The whole point of the JSON sidecar files is that they are where such "meta data" about the image files are stored. So pointing out that you get these values from the sidecar files and even giving the user some information about what sidecar file to look in and what named values to look for in the sidecar file is a real value to the users. Telling the user that the value set for the SEEchoSpacing parameter value comes from the sidecar file that corresponds to the SpinEchoFieldMap and not the sidecar file that corresponds to the actual T1w image, and that the required value is in the "EffectiveEchoSpacing" named value in said sidecar file seems to me to be a very helpful thing.

If the consensus is to leave the original PreFreeSurferPipelineBatch.sh alone and create a new PreFreeSurferPipelineBatch.sh that is specific to LifeSpan, then I'm fine with that. I assume based on comments so far that putting that LifeSpan specific version in a new sub-directory is preferred over giving it a different name in the same directory. Is that true?

As @coalsont points out this leads only to the issue of helping users answer the "which file should I copy?" question and removes the potentially more confusing issue of "These 2 blocks of code look very much the same, and I can't tell which one I should be changing."

Is the plan to create a separate example batch script for LifeSpan acceptable to everyone?

@coalsont
Copy link
Member

I can live with a separate example file for lifespan when there are a large number of parameters to change (and in the interest of time).

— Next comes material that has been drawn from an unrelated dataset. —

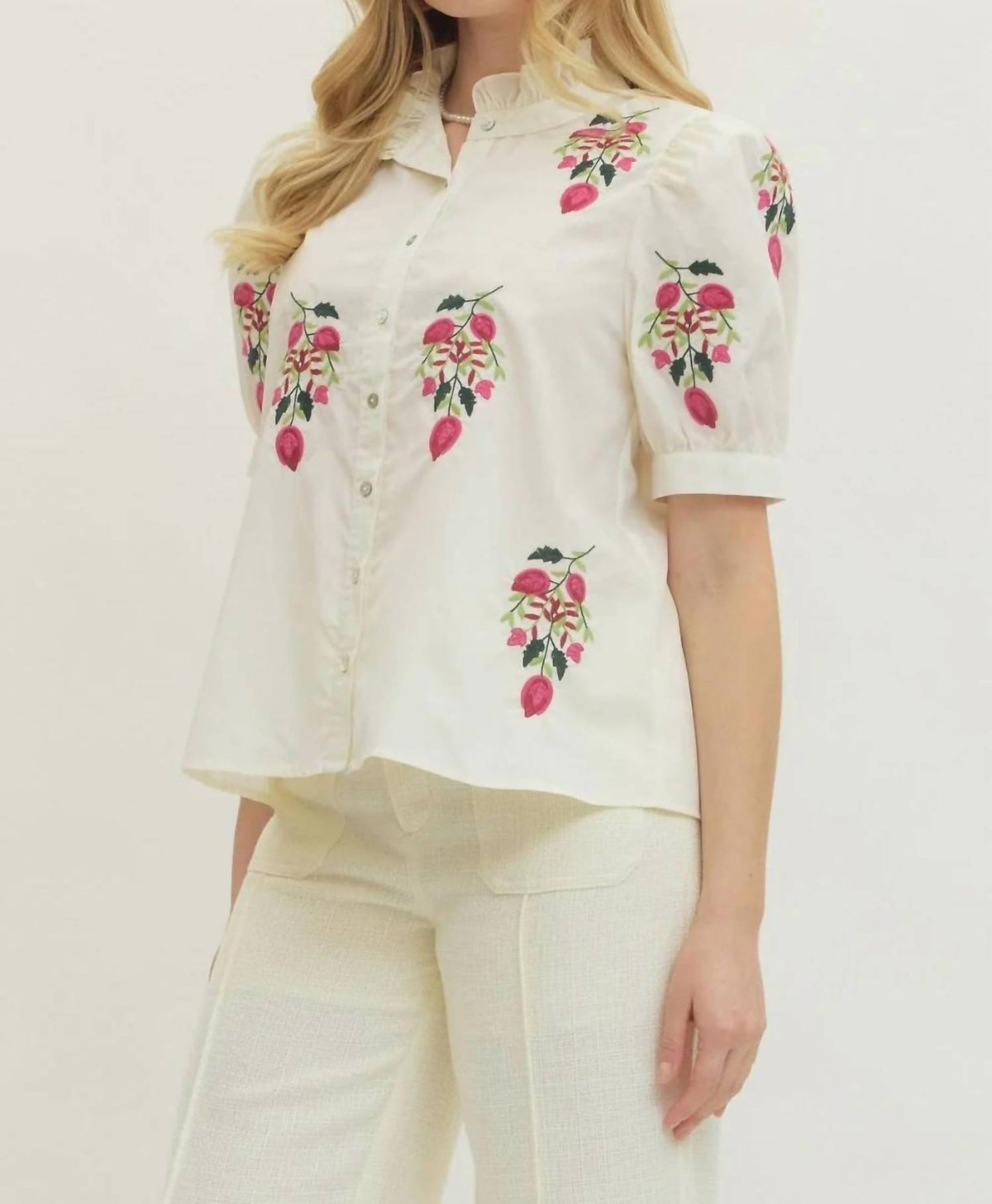 Entro - Floral Embroidered Top - Plus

I don't know if that generalizes to duplicating any other example scripts (and when there is more time to think about it).

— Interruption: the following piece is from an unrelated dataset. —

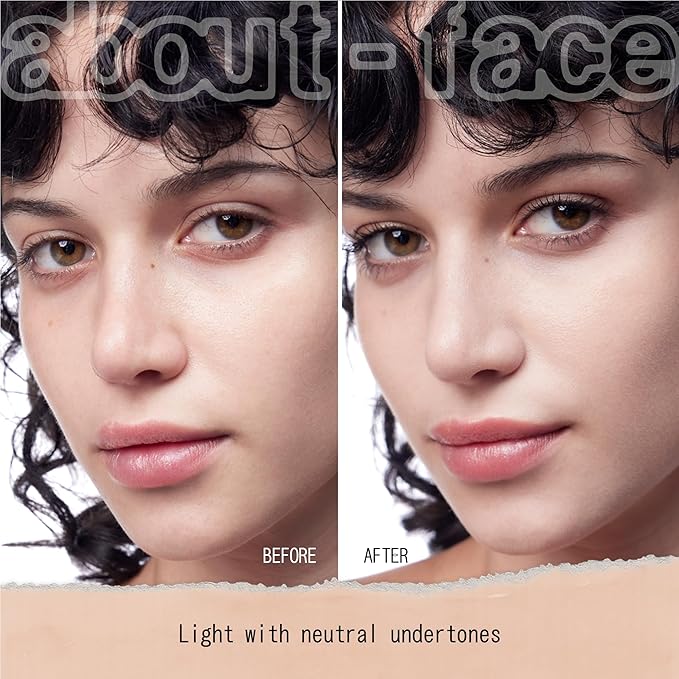 about-face THE PERFORMER Skin-Focused Foundation L1Neutral – Medium Coverage, Long-Wear, Breathable & Buildable Base – Clean, Vegan, Hydrating Formula with Blue Agave & Chlorella – 1.08oz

As for building the command to run, yes, that is what I meant, but you can instead do a "case" in the middle of building the string to execute, and for TOPUP add one set of arguments, and for FIELDMAP a different set. This means users wouldn't potentially have to edit the code building the command to run, only the settings, and the command building is generic enough to adapt to any sane set of settings.

…LifeSpan/PreFreeSurferPipelineBatch.LifeSpan.sh
@coalsont
Copy link
Member

Also, I think it may be beneficial to reference JSON sidecars, especially if that is the definitive source of those values for some datasets. I don't follow why @mharms would want that removed.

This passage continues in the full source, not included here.